Les sirènes hurlent à Muzaffarabad, les gilets fluorescents ont remplacé les cartables et les enfants apprennent à compresser des plaies. À la frontière indo-pakistanaise, les balles s’échangent comme des messages diplomatiques, et le Cachemire redevient l’étincelle familière d’un incendie annoncé. Alors que les deux puissances nucléaires se toisent, Washington appelle au calme, mais le décor ressemble de plus en plus à un prologue de trop : celui d’une guerre mondiale à venir.
Tandis que les chefs militaires s’échangent des salves d’artillerie à la frontière, les chancelleries du monde entier retiennent leur souffle. Le Cachemire, cette fracture ouverte entre deux puissances nucléaires depuis 1947, semble à nouveau prêt à basculer – mais cette fois, c’est le monde entier qui pourrait tomber avec lui.

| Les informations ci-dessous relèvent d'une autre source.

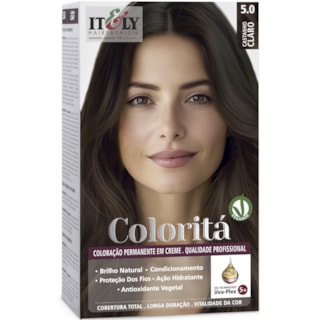 Coloração Itely Castanho Claro 5.0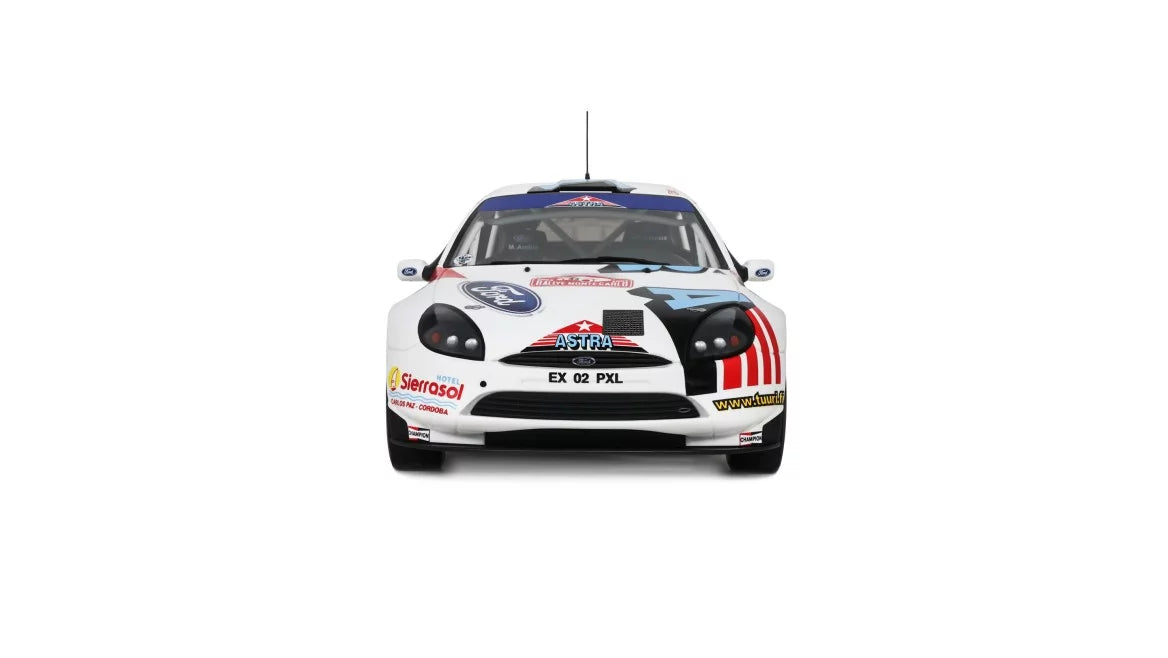 Ottomobile 1:18 Ford Puma Super 1600 Rallye Monte Carlo 2004 *Resin Series* OT1401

Depuis l’attaque non revendiquée du 22 avril à Pahalgam – qui a coûté la vie à 26 civils côté indien –, New Delhi accuse frontalement Islamabad. Le Premier ministre Narendra Modi, drapé dans son costume martial, a donné le feu vert à une riposte. Islamabad, de son côté, crie au mensonge et se dit prêt à une enquête internationale. En attendant les enquêteurs, ce sont les soldats qui s’expriment : chaque nuit, la Ligne de Contrôle (LoC) crépite sous les tirs croisés. La guerre par procuration flirte désormais avec l’affrontement direct.
Dans le Cachemire pakistanais, l’annonce de frappes indiennes imminentes a provoqué une réaction sans précédent : les 1 100 écoles coraniques ont été fermées pour dix jours. « C’est pour la sécurité des enfants », affirme Hafiz Nazeer Ahmed, directeur local des Affaires religieuses. Un euphémisme quand, dans les écoles publiques encore ouvertes, des cours de premiers secours sont prodigués à des enfants casqués et harnachés de gilets fluorescents. « On apprend à se soutenir si la guerre éclate », confie Konain Bibi, 13 ans, à l’AFP. L’embrigadement n’attend pas le fracas des bombes.
À New Delhi comme à Islamabad, les discours se durcissent. Le ministre indien des Affaires étrangères exige que les responsables soient punis. Son homologue pakistanais accuse l’Inde de chercher l’escalade. Les ambassades ferment, les visas sont annulés, les avions sont cloués au sol par des fermetures réciproques de l’espace aérien, et les effigies de Modi brûlent dans les rues de Multan. À Washington, le secrétaire d’État Marco Rubio en appelle à la paix et à la coopération. Mais les capitales nucléaires, sourdes aux conseils, font entendre le cliquetis de l’arme fatale.
Sur le terrain, les scènes ont un goût d’avant-guerre mondiale. Les armées pakistanaise et indienne ont intensifié leurs mouvements. Le chef de l’armée pakistanaise, le général Asim Mounir, a inspecté des manœuvres au Pendjab : « Toute aventure indienne recevra une réponse déterminée », a-t-il tonné. À Delhi, Modi aurait laissé carte blanche à ses chefs militaires pour choisir les cibles. Le précédent de 2019 hante les esprits : l’Inde avait alors bombardé le Pakistan. Islamabad avait riposté, capturé un pilote indien, puis relâché ce dernier sous pression américaine. L’issue, cette fois, semble plus incertaine.
Sur les deux versants du Cachemire, la population est prise en étau. Les routes sont bloquées, les vivres se raréfient, et l’angoisse devient le quotidien. « On ne sait pas si demain on pourra travailler ou fuir », dit Mohammed Chabbir, ouvrier à Muzaffarabad. En Inde, l’armée arrête par centaines. Neuf maisons ont été rasées. Les drones indiens tombent du ciel côté pakistanais. Et chaque nuit, la LoC devient un théâtre invisible où l’Humanité joue sa survie en sourdine.
Une guerre indo-pakistanaise n’a jamais été un simple conflit régional. En 2025, dans un monde fracturé, surarmé, où les alliances sont prêtes à s’activer, ce pourrait être l’étincelle de trop. Pour l’instant, les diplomates tentent encore de sauver la face. Mais sur les visages des enfants du Cachemire, les casques ont remplacé les cartables. Et ça, c’est rarement bon signe.